The Stockton Project was conducted last year in response to a challenge by the Stockton Record, the city’s daily newspaper, that local leaders find a “new direction” for the community.

In recent years, with city officials often leading the way, Stockton has become a frequent source of bizarre news stories:

- In August, 1982, Stockton’s waterfront renovation plans were stalled when Eckhard Schmitz, a prominent citizen and major developer of the project, was charged with a series of sex offenses against teen-age boys. Schmitz was sentenced to 13 years in prison but subsequently was released pending appeal when he posted all his possessions, including his interest in the waterfront redevelopment contract, as bond. He then fled to Europe and is still at large, leaving the renovation project in limbo.

- In December, 1984, Stockton City Councilman Mark Stebbins, who claimed to be black although everyone else in his family, including his parents, are white, was recalled from office and replaced by Ralph Lee White, who is black.

- In July, 1985, then-Mayor Randall Ronk was kicked out of office by fellow council members who accused him of falsifying about $3,000 in vouchers for travel expenses to Fresno and Bakersfield. Ronk reportedly admitted having doctored the vouchers but said he had done so only to recoup money that he had spent during a secret investigation into alleged City Hall corruption that was never proved. The previous April, Ronk had been acquitted by a Superior Court jury of criminal charges that he falsified the vouchers.

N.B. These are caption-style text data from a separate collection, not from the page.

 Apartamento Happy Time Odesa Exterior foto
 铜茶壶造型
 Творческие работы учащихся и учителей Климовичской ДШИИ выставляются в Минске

- Last October, Councilman White was charged with voter intimidation stemming from accusations that he pressured people to vote for him on absentee ballots. White readily admitted that he showed people how to fill out absentee ballots and that he took completed ballots to his home and kept them there overnight before mailing them to election officials. But White denied that he did anything wrong. The criminal charges were subsequently dismissed, but, in a civil action, a judge ruled that White’s election was illegal. He has appealed the ruling and remains in office.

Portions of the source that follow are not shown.